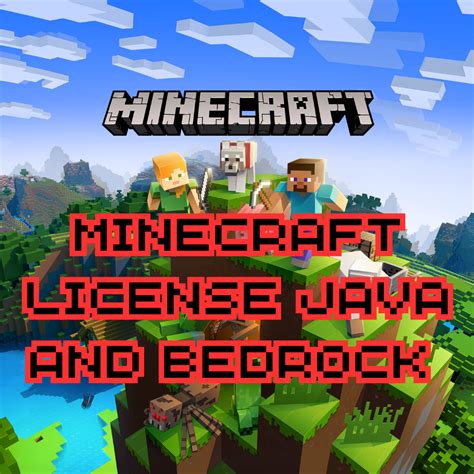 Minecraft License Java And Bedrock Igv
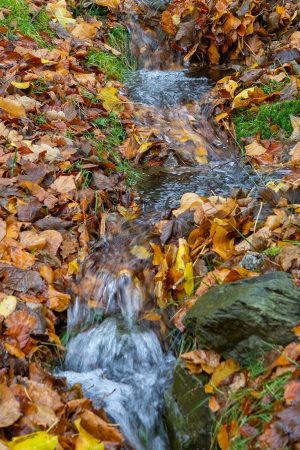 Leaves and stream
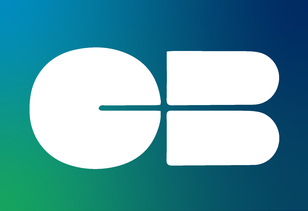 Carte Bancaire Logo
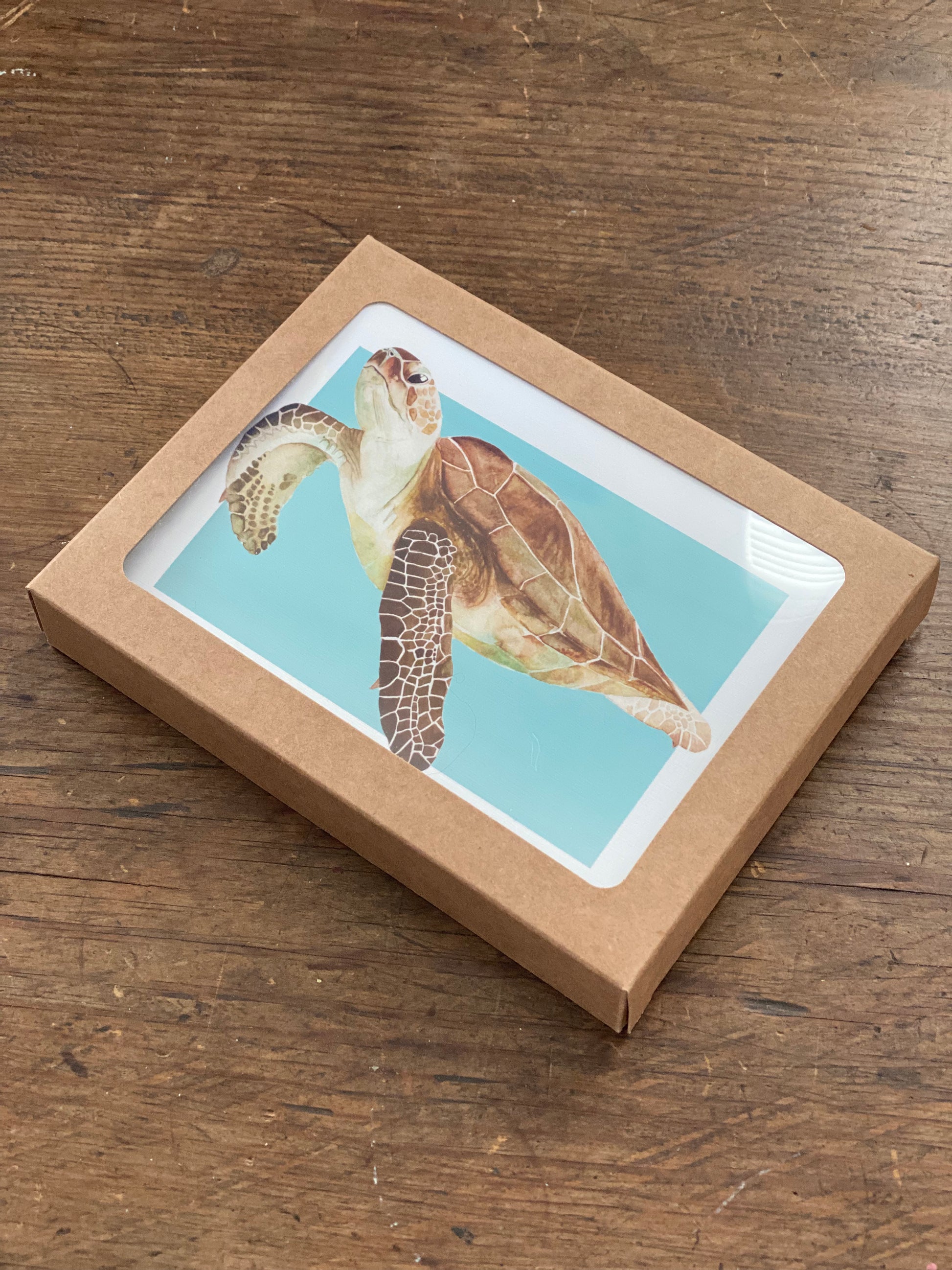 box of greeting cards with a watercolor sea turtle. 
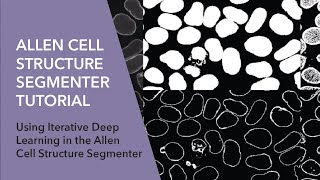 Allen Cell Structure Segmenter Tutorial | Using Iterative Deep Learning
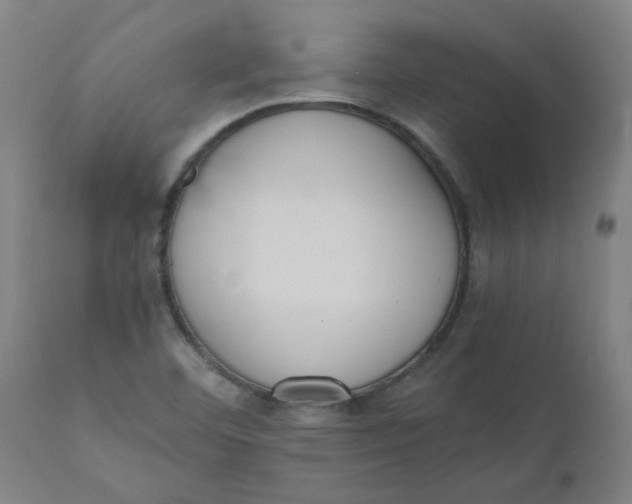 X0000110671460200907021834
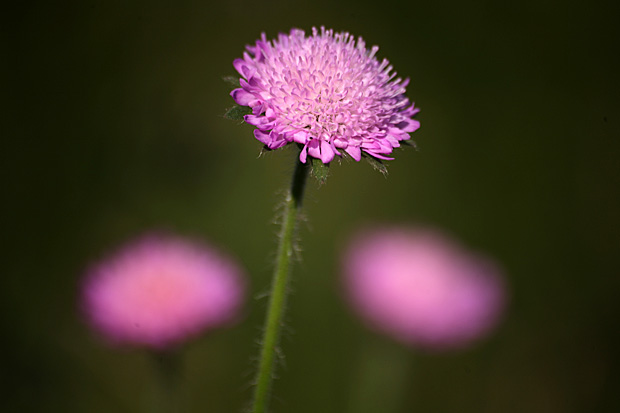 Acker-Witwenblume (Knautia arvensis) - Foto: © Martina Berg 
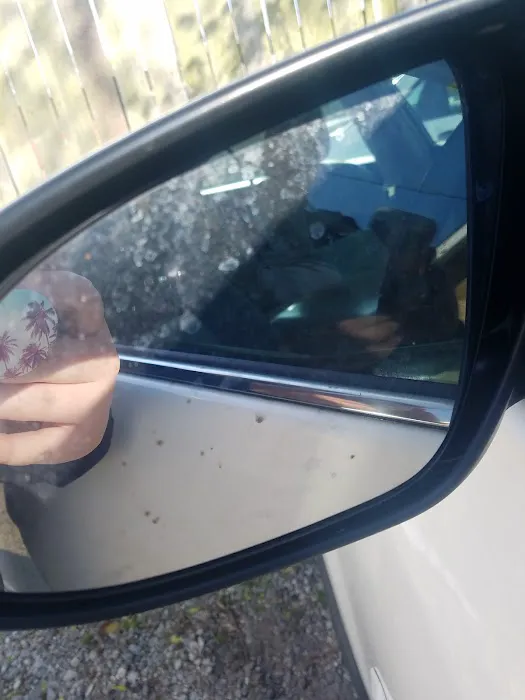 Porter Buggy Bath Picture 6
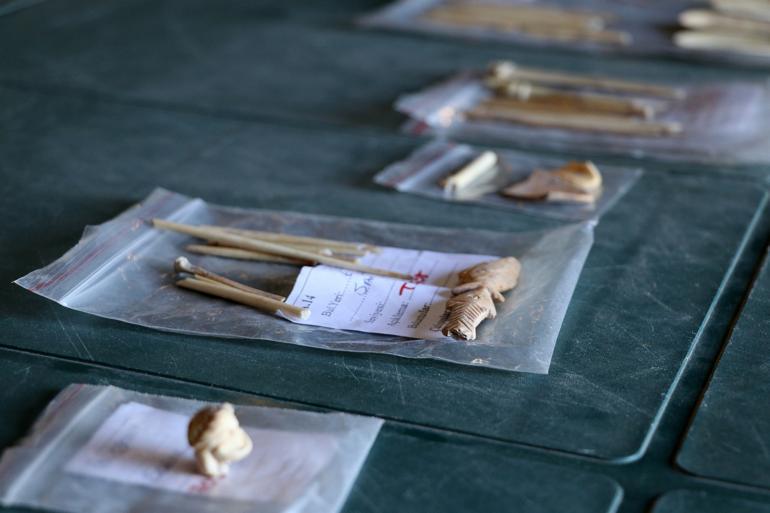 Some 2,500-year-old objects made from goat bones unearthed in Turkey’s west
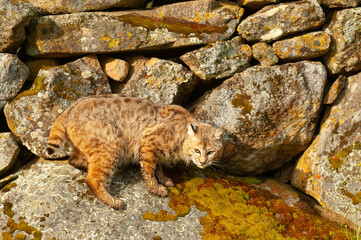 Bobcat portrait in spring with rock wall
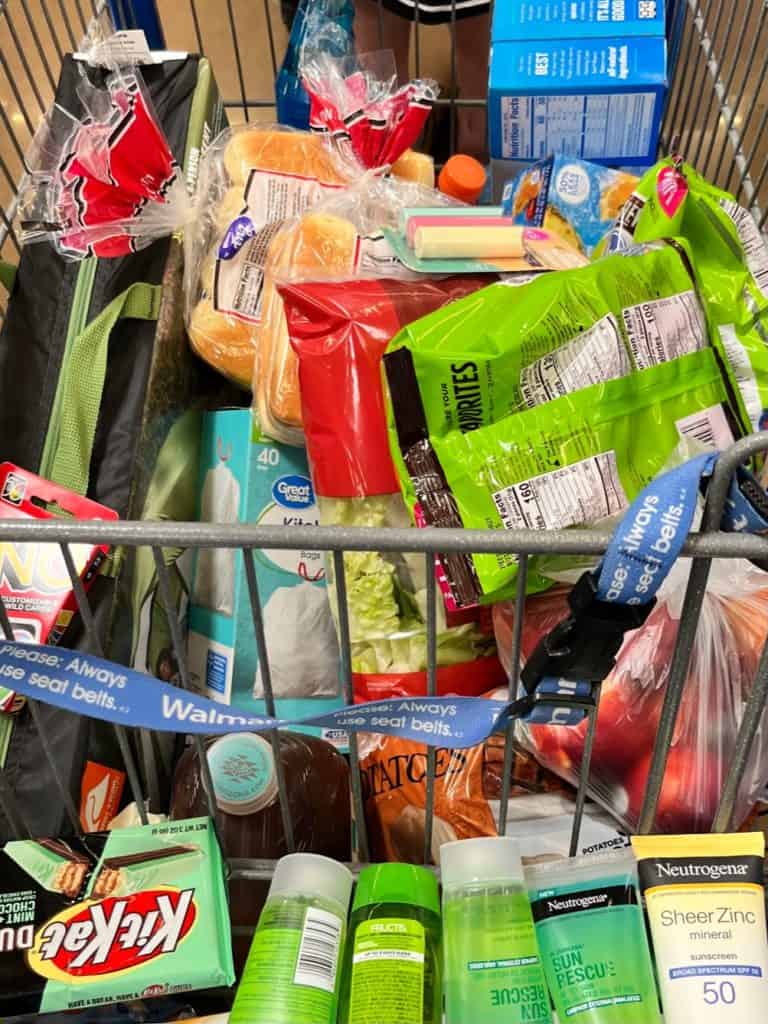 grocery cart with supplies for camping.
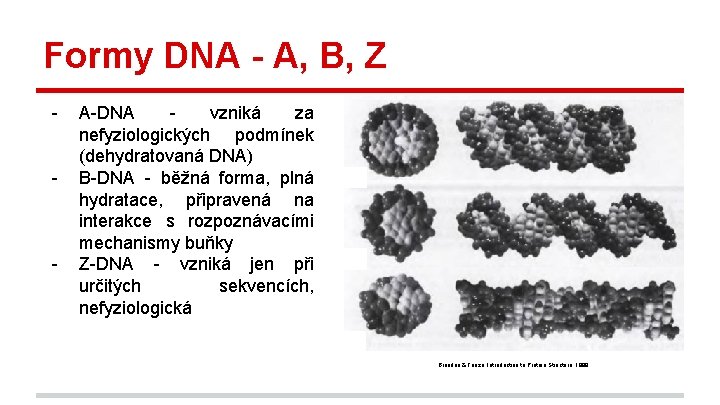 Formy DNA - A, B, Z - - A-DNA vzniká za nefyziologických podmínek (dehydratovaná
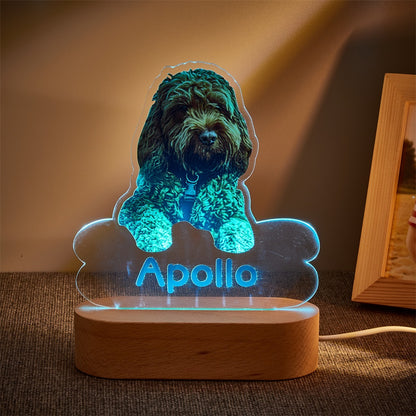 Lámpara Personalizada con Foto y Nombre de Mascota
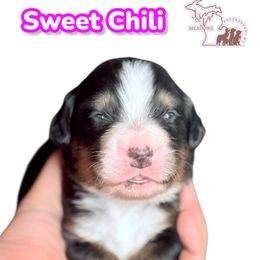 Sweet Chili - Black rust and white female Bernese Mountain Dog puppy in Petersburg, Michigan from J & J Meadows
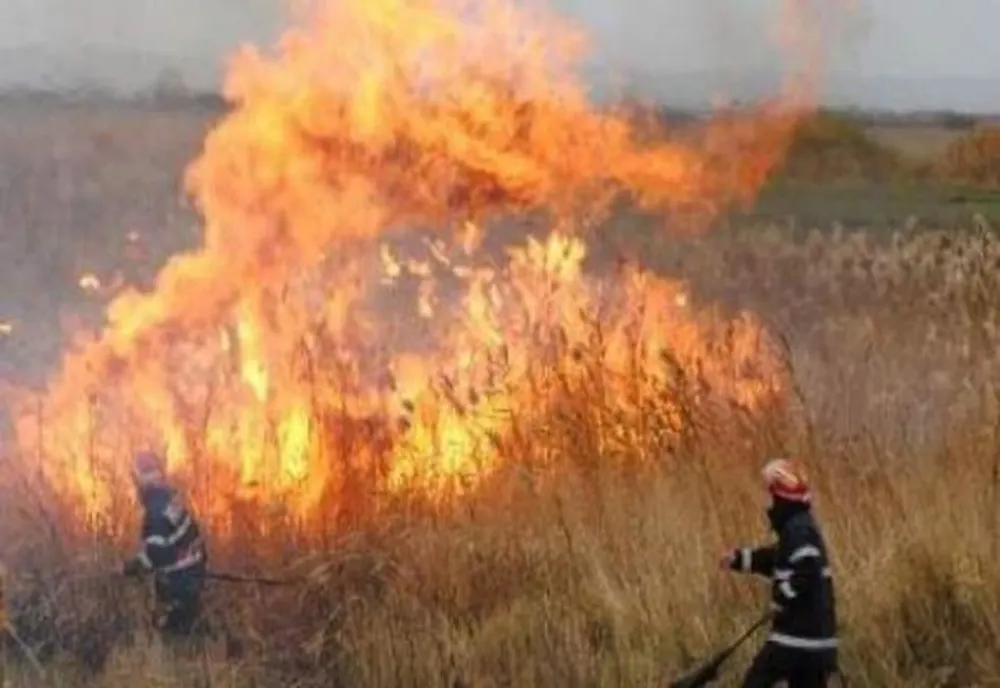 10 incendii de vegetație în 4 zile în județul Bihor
+-------+
#### Your goal
Every line from the top of the records above to the line with "Bobcat portrait in spring with rock wall", inclusive, should be duplicated exactly, minus the pictures.

#### Solution below
 Minecraft License Java And Bedrock Igv
 Leaves and stream
 Carte Bancaire Logo
 box of greeting cards with a watercolor sea turtle. 
 Allen Cell Structure Segmenter Tutorial | Using Iterative Deep Learning
 X0000110671460200907021834
 Acker-Witwenblume (Knautia arvensis) - Foto: © Martina Berg 
 Porter Buggy Bath Picture 6
 Some 2,500-year-old objects made from goat bones unearthed in Turkey’s west
 Bobcat portrait in spring with rock wall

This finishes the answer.